Actually, I also had 2 big plastic bags of really good paprika that I had gotten at a Hungarian deli, and I was wondering if it scanned as cocaine when it went through the x-ray machine, but no, it was the coffee can. The younger (Quebecois) dude who stopped me looked a little confused when I pulled out all those coffee cans from my luggage and he had to swab them, so I was like, "I collect coffee cans, and I found many new coffee cans on this trip."

"Oh," he was like, looking a little confused.

Then, looking at all of the cans I had unpacked, he was like, "Where is your can of Tim Hortons?", and I explained that I had gotten one of those at a Tim Hortons in the Detroit area last year, since the chain is expanding into America.

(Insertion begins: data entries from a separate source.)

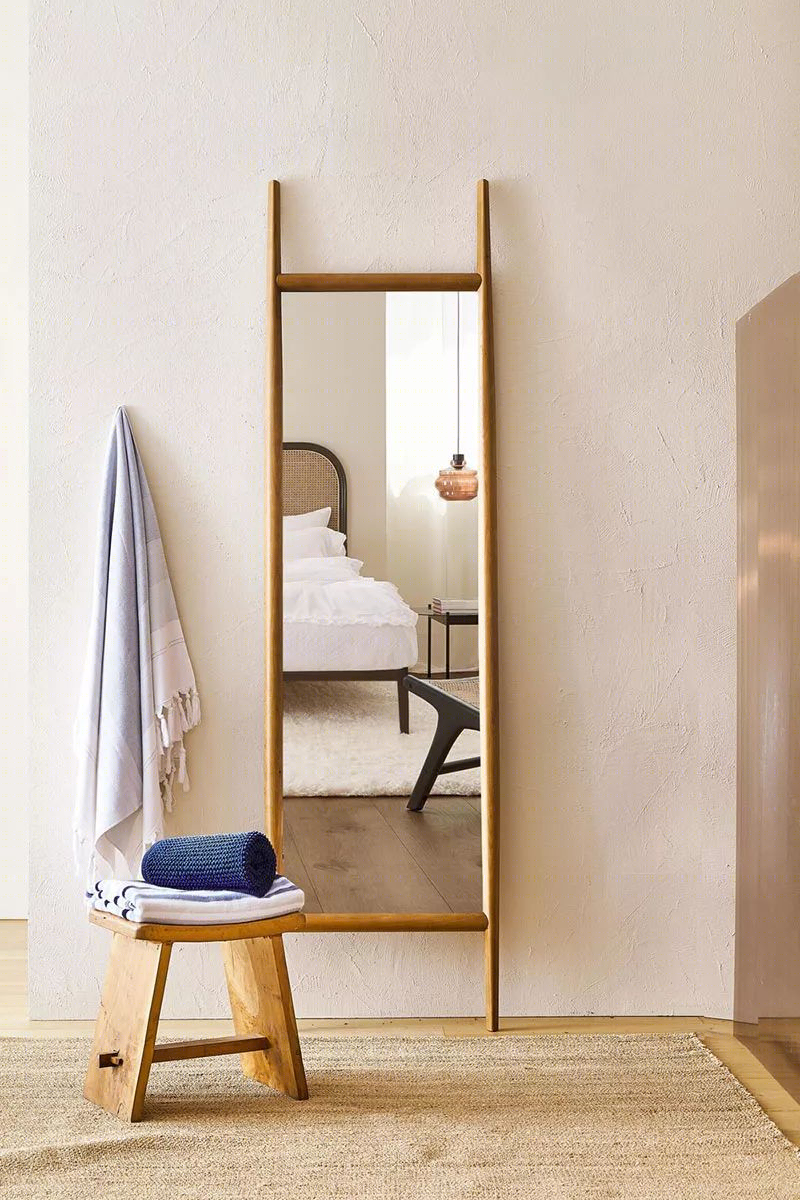 宜家 TÄNKVÄRD 系列 PK Zara Home-33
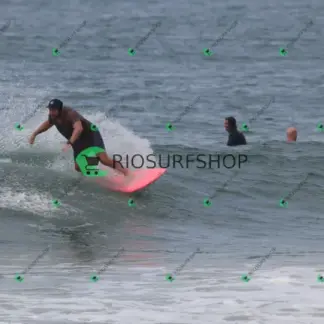 Foto 101 - CCB 2026-02-23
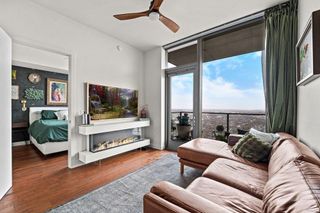 44 East Ave 3705, Austin, TX 78701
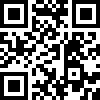 https://tl.abna24.com/xkX7M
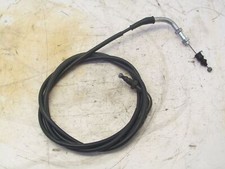 GASZUG FÜR GARELLI CAPRI 50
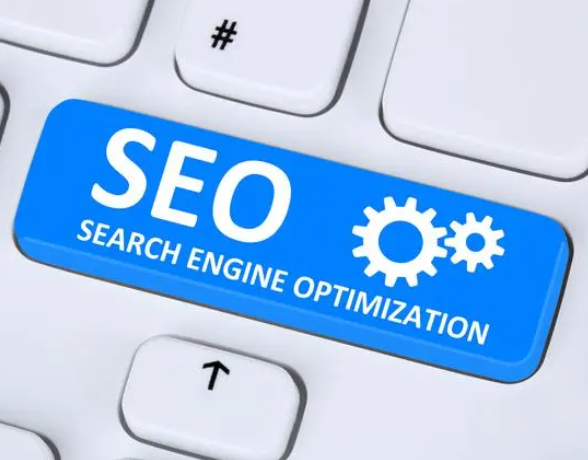 seo排名 企服优化的关键有7点：联想E14-i7-谷歌s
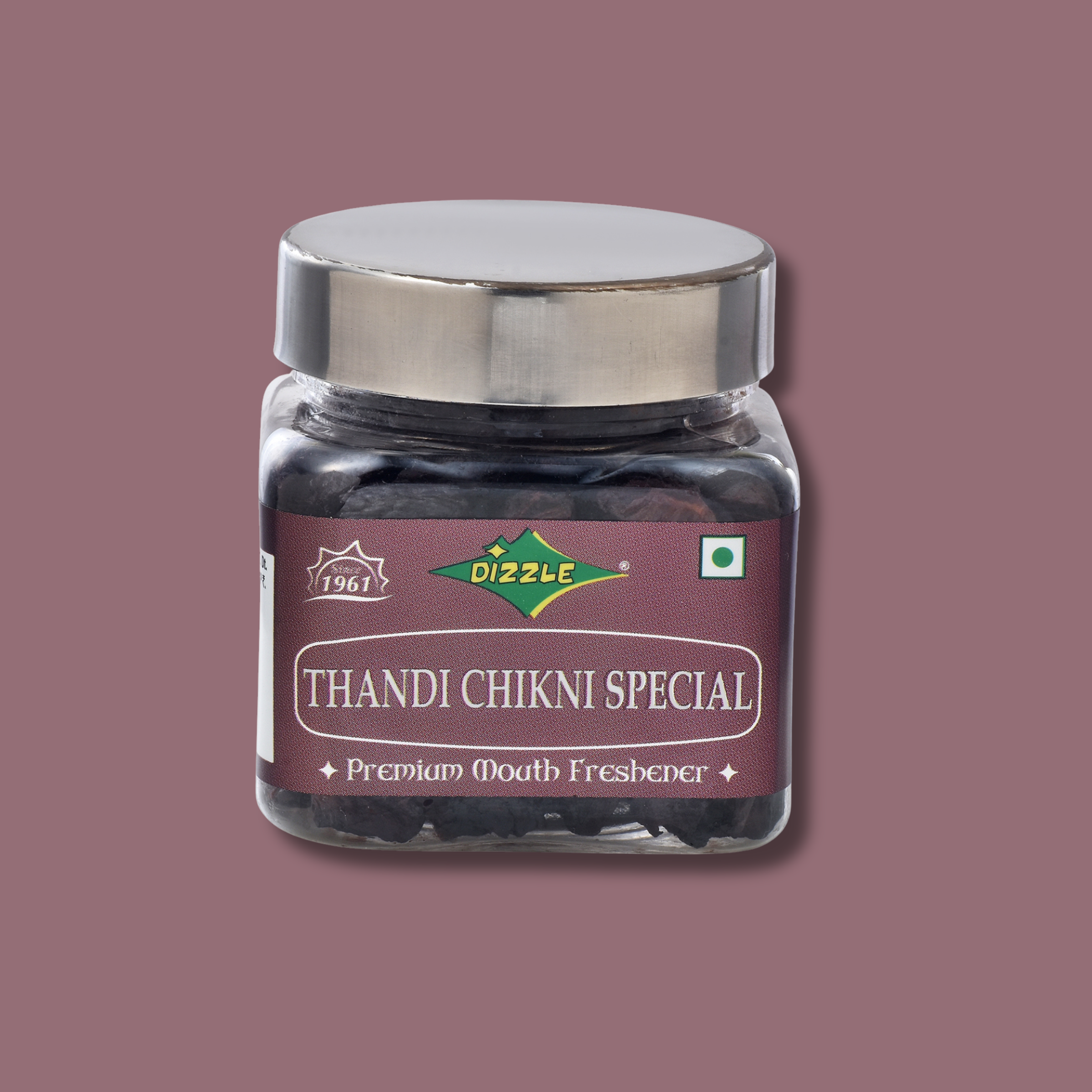 Dizzle Thandi Chikni Supari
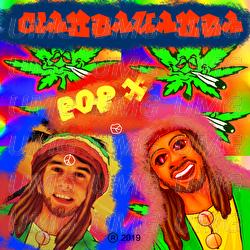 Ciambauamba - Pop X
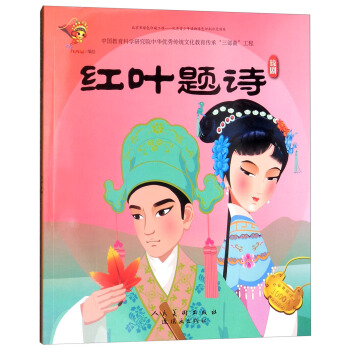 �������t�~�}Ԋ/���������L��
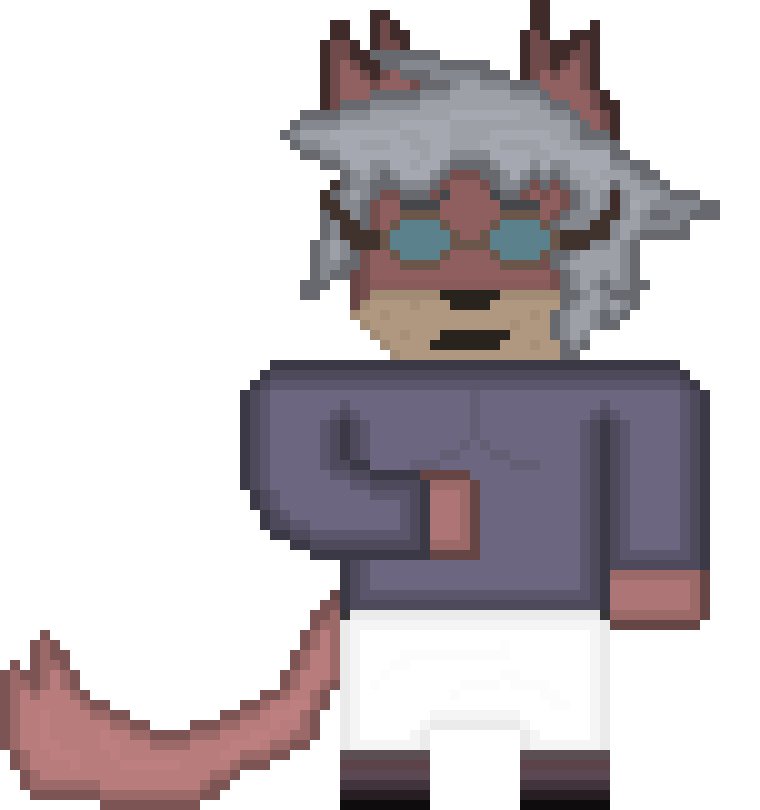 [a00846] Jackie you don't get it goggles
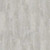 Ashford Opulent Charm Karastan Flooring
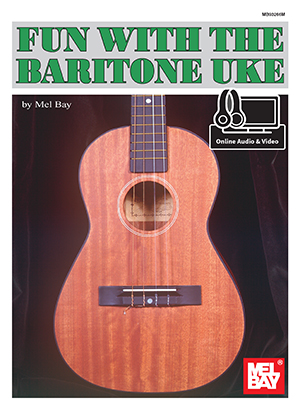fff87104-cc3f-47c0-a721-72d225285492.jpg fun with the baritone uke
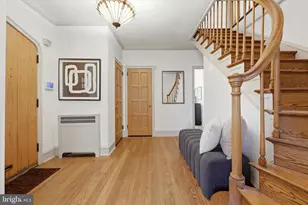 512 Woodbrook Ln, Philadelphia, PA 19119 - Photo 5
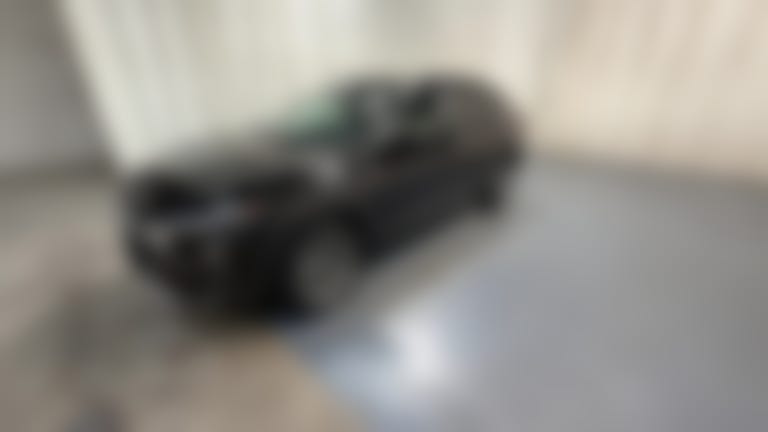 2025 Chevrolet Trax vehicle photo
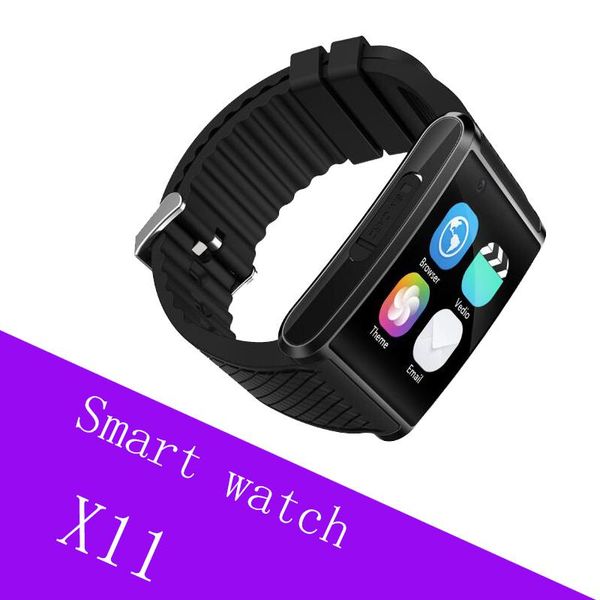 

cgjxsx11 android smart watchs phone mobile mtk6580 quad -core with sim card wcdma camera bluetooth pedometer gps wifi bluetooth google play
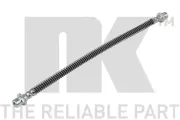 Bremsschlauch NK 854007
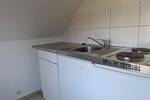 Etagenwohnung Elmshorn - 2 Zimmer, 41 m&sup2;, 420&euro; | Angebot:26499485
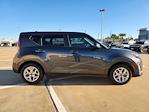 Used 2023 Kia Soul LX for sale #S6777B - photo 5
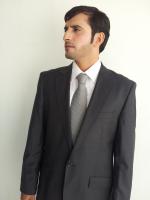 الصورة الرمزية عبدالله السعدي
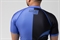 Product Alternate Image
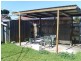 14 Garget Street, East Toowoomba QLD 4350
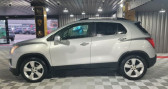 Annonce Chevrolet Trax occasion Diesel 1.7L VCDi 130 CV * Reprise Possible * idm Opel Mokka **  Maubeuge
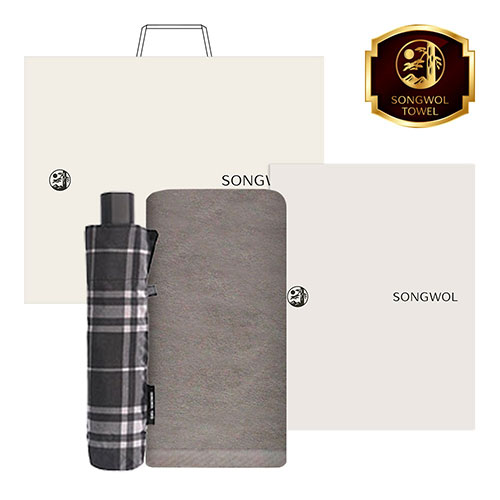 �ۿ� 30�� Ÿ�� 150g + �ۿ� 3�� ���üũ ��� 2�� �޺���Ʈ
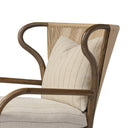 Amira Chair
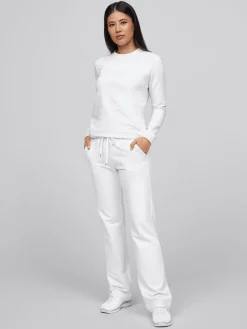 Hot weathirt COO Damen Sweatshirts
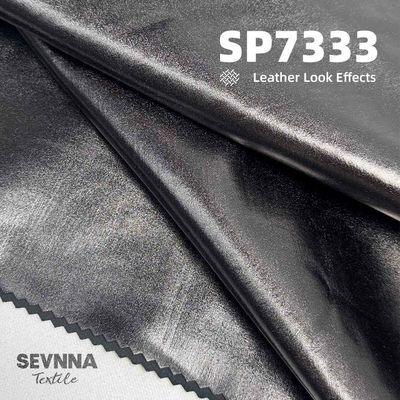 Μεσαίου βάρους Stretch Leggings Υφασματικό Casual Στυλ Στερεά Εκτυπωμένη Επιλογή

"The can is bilingual," I said, "although I bought it in the United States. One side says 'always fresh', and the other says 'toujours frais', and there is pictures of people skating on it. It is a Christmas can."

"Yes," he was like, "Tim Hortons produces seasonal cans."

Monday, November 16, 2009

Purple.

I recently got a really cool scarf that has mostly dark and light gray and black stripes,with a few stripes of lavender and deep purple mixed in. The other night, then, I was coming back on the bus, and since it was packed, I had to stand near the front, right next to this younger (black) girl who was seated and had a short curly haircut, with the curls on the top front of her head dyed the same shade of deep purple.

"Nice hair!", I was like. "You should be wearing this scarf."

"Thanks," she was like. "You know, it's my favorite color."

Sunday, November 15, 2009

Forgot.

I forgot --

At that last sex doc, there's this one late middle-aged (black) guy with a beard who comes sometimes, and who gives me the feeling that he's not quite all there... He talks way too much, and doesn't notice that he's acting boorish, and I always think that people who don't pick up on other people's social cues have a little something wrong with them.

Anyhow, the dude used to work for Playboy, and he was saying that there's no telling how your children will turn out, that they're their own people, and that though his daughter was around everything as a kid, she now is a really conservative "I want to find one boyfriend and settle down"-type.

"And I remember when she used to be playing in the office and the gay art director was xeroxing his balls on the photocopier right there," he was like.

He also added that he was of mixed feelings about not always being able to be upfront about your sex life even if it was nothing to be ashamed of, and that it was hard for him to stop going to sex parties during the custody battle.